Sarah knew that she had been through “the change of life,” “it had ceased to be with Sarah after the manner of women.”
And Sarah knew, as everybody did, as everybody still does today that women who have been through “the change” never have any more babies.
“You’re going to have a son.” Ridiculous!
And yet, and yet, is anything too wonderful for the Lord? We worship the God of the impossible; we praise the God that does the ridiculous for us.
And in the proper season, Sarah did indeed have a son and she named her son “Isaac” which means “laughter.”
And what about Bethany’s mom? What about all the people I sat with in the family rooms, the waiting rooms, the lobbies and the hallways?
Did Bethany come back? No.
Does that mean that God was not there with her, with her mother or with her family?
God’s presence filled that family room. God was there in the people that just sat and waited with Bethany’s mom, in the hands that held hers, and in the days and weeks that followed as she struggled to put a shattered life back together and to find a new way to live without her daughter.
But God was not there in the mundane, human way of “trying to make everything right.”

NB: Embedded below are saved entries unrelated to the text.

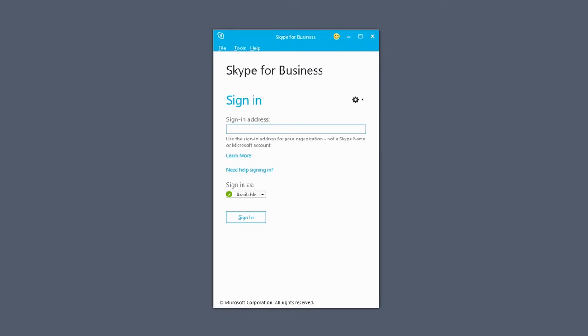If it's your first time signing in, type in your work or school email address. Click the Sign In button.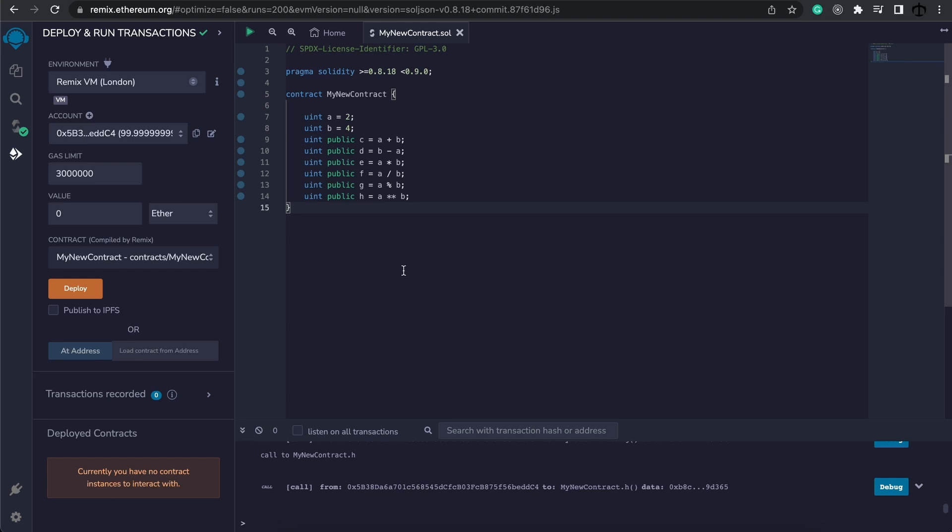For now, just know that different sizes of integers and unsigned integers exist, and you can use the appropriate ones for your use case. Integers can have negative numbers and unsigned integers can't.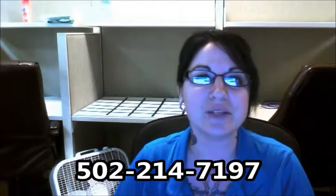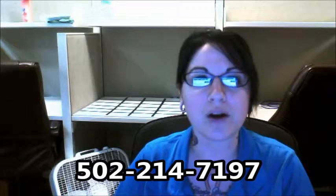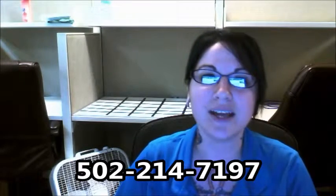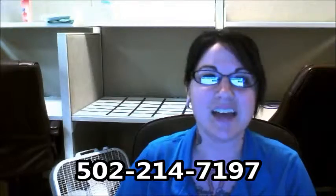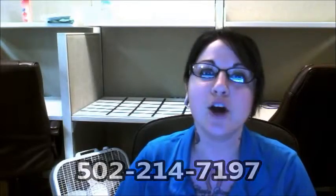If you have any questions or would like to schedule a time to come out and speak to one of our sales professionals, please either reply to this email or contact me at 502-214-7197. And I hope you have a wonderful weekend. Bye!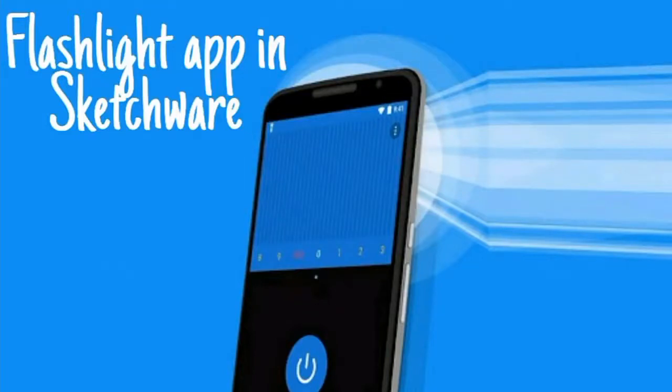Welcome to my YouTube channel Swift Reign. In this video we will learn how to make a flashlight app in Sketchware in a very easy and interactive way.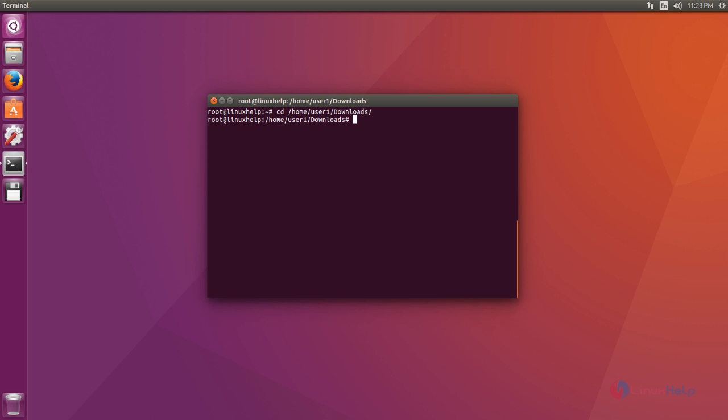Next you download Min browser deb file by using wget command like this. After that command, you just press enter to download that deb file.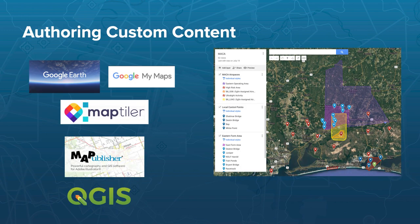When it comes to authoring custom content, there is a host of different resources you can use. Sarah's favorite is Google My Maps — it's quite simple with a very low barrier of entry, but there are certainly more complex tools out there. Joey will now demonstrate how to get started.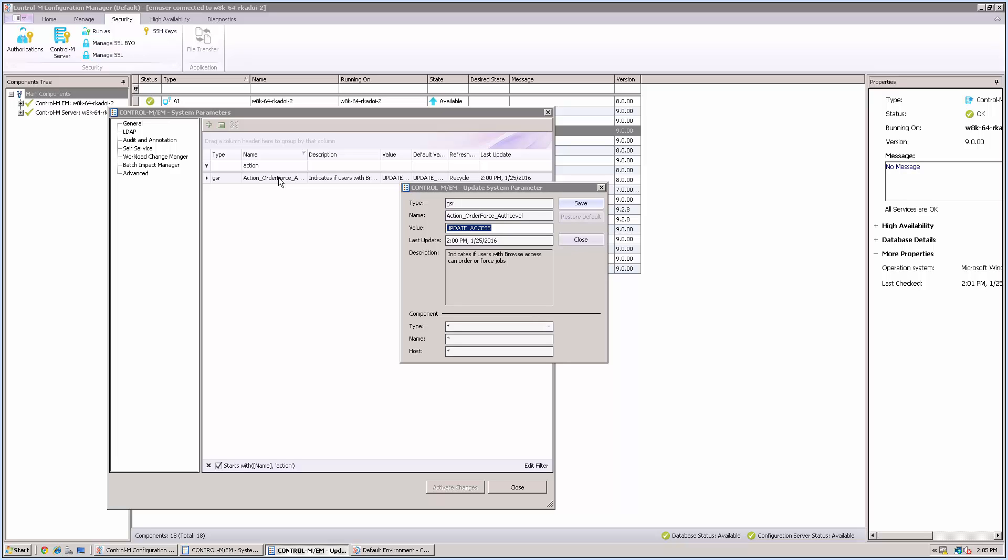This parameter currently has the value of update_access. In order for this BrowserUser to permit ordering a job, you need to change the value of this parameter from update_access to browse_access. Then click Save.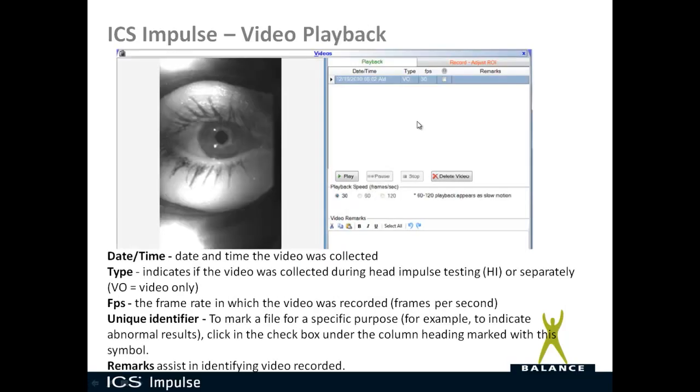On the video playback window, you have a couple of options. For every video collected, you have the time and date that that video was recorded, whether that was recorded under video only mode, or if it says HI, it was recorded under the head impulse mode.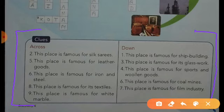First we will fill from across clues, then from down clues. Question number 2 across: This place is famous for silk. Sorry students, you have to fill here Kanchipuram. It was my mistake — the answer is Kanchipuram, which is famous for silk.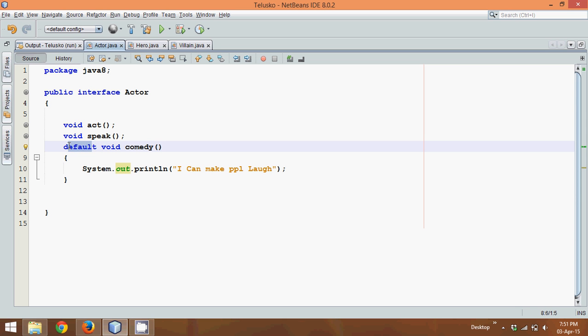So a big mystery is solved — we can define methods in an interface in Java 8 using the default keyword. Thank you.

No, God was there in the little stolen moments of happiness or laughter that seemed so wrong and inappropriate at first but which, slowly over time became more and more frequent. God was there in the little bit of energy and hope that allowed her to get up each morning.
God was there in the people that sat with her and supported her and God was there in the people who gave her room to grieve and who didn’t try to force her to get better, to “just get over it already.” And God was there in millions of other ways that we will never know.
Is God’s wisdom like human wisdom? Is God’s strength like human strength? Is anything too wonderful for the Lord? No, no and no.
But to see the wisdom, to feel the strength, to experience the wonderful, we need to stop trying to make God fit into human boxes and human expectations.
We need to give God the room to be wonderful, the room to do those things that our wisdom can’t understand and that our strength can’t begin to touch.
Only then will we be truly able to know, to believe, to experience how wonderful God truly is.

I'm so glad you got to preach. Hopefully the end of a long dry spell. Wish I could have been there to hear it. Reading it certainly touched me. Thanks.
Posted by: muphinsmom | June 16, 2008 at 01:22 AM
great sermon - thanks for sharing!
Posted by: katie | June 16, 2008 at 04:09 PM
oh, girl. you seriously need to be ordained.